_Exercise:_
Exactly as they appear below, repeat the lines from the one with "So if guys use" through the one with "Then I get my". Drop every picture.

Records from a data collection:
····················
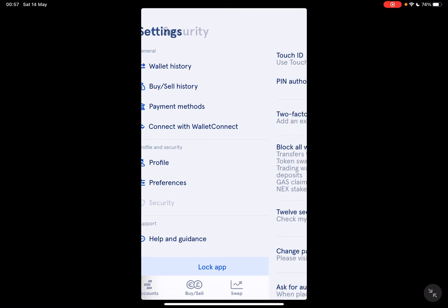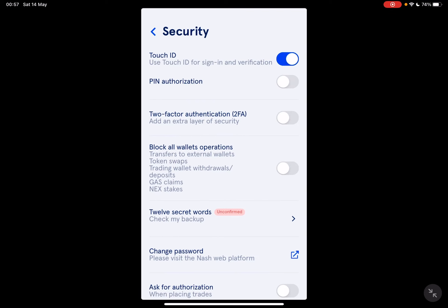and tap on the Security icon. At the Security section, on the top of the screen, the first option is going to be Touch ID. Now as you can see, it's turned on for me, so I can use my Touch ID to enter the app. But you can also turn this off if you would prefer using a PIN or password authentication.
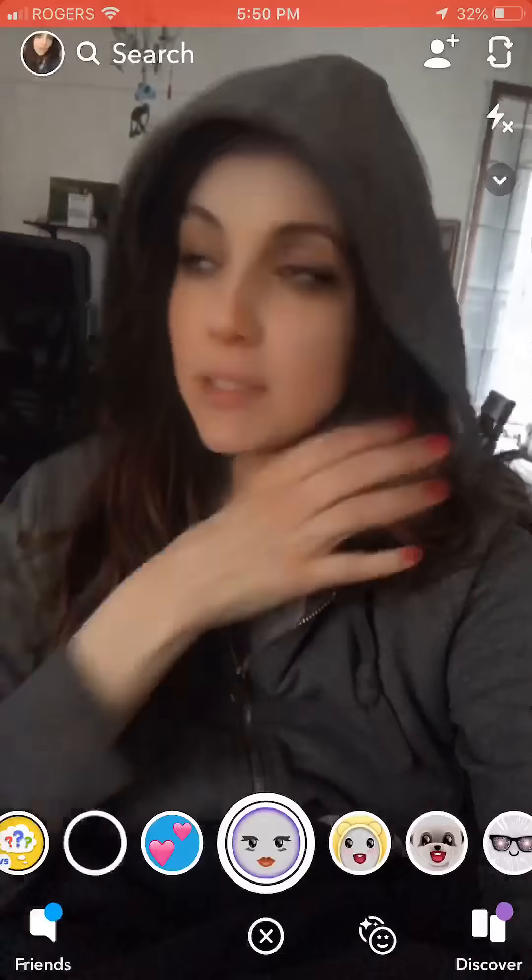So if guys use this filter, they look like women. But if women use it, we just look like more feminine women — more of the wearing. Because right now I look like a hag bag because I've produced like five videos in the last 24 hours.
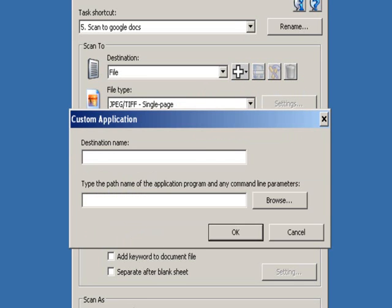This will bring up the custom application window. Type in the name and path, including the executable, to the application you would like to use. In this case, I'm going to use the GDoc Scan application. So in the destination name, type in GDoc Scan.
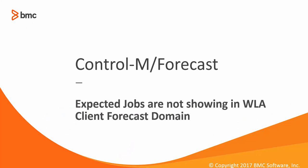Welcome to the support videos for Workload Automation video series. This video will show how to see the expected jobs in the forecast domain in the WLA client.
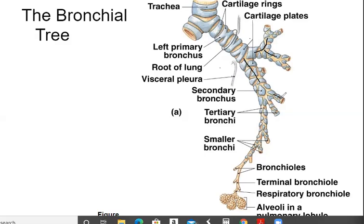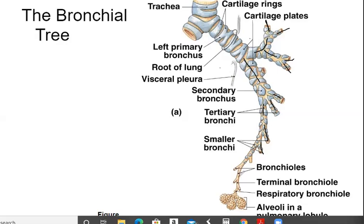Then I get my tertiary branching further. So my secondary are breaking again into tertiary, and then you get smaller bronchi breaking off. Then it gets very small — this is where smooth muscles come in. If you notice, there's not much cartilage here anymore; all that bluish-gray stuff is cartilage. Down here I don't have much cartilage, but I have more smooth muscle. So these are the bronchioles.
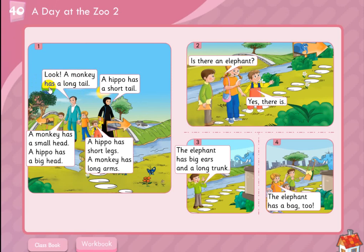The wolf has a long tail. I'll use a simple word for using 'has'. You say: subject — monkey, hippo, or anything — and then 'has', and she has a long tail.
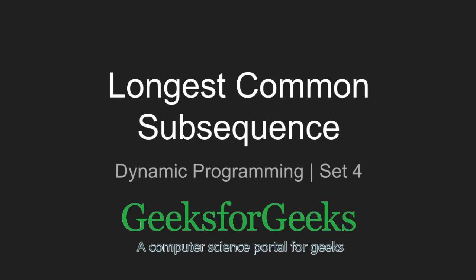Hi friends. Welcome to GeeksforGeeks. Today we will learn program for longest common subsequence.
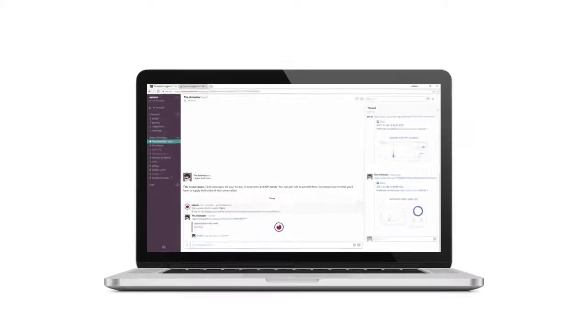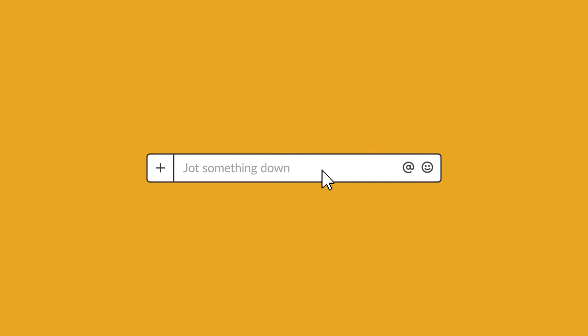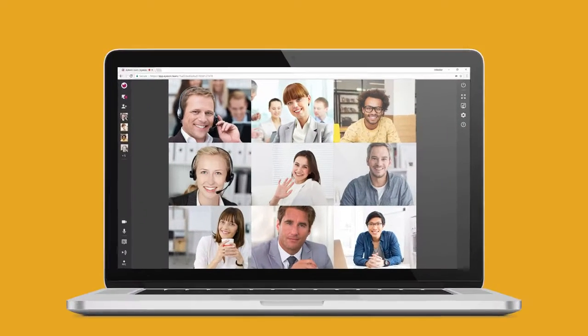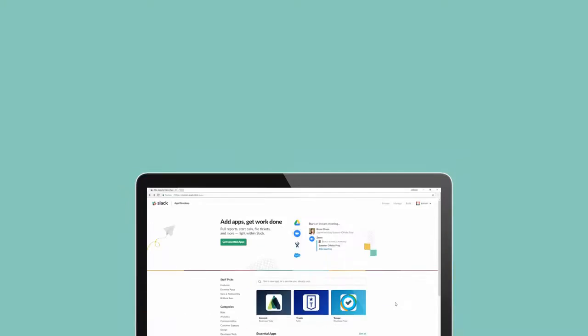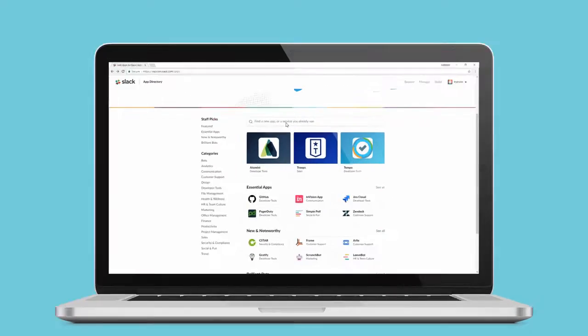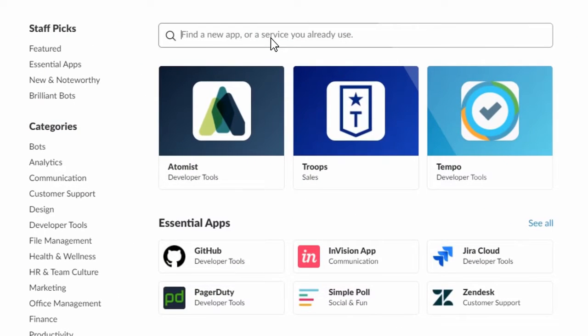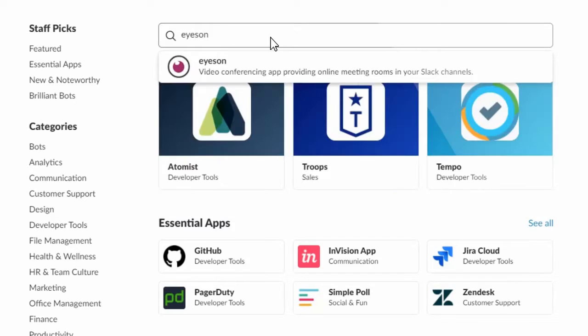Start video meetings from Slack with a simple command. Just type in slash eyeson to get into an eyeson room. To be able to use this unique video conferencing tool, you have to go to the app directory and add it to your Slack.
····················
_Task response:_
So if guys use this filter, they look like women. But if women use it, we just look like more feminine women — more of the wearing. Because right now I look like a hag bag because I've produced like five videos in the last 24 hours.
This will bring up the custom application window. Type in the name and path, including the executable, to the application you would like to use. In this case, I'm going to use the GDoc Scan application. So in the destination name, type in GDoc Scan.
Welcome to the support videos for Workload Automation video series. This video will show how to see the expected jobs in the forecast domain in the WLA client.
Then I get my tertiary branching further. So my secondary are breaking again into tertiary, and then you get smaller bronchi breaking off. Then it gets very small — this is where smooth muscles come in. If you notice, there's not much cartilage here anymore; all that bluish-gray stuff is cartilage. Down here I don't have much cartilage, but I have more smooth muscle. So these are the bronchioles.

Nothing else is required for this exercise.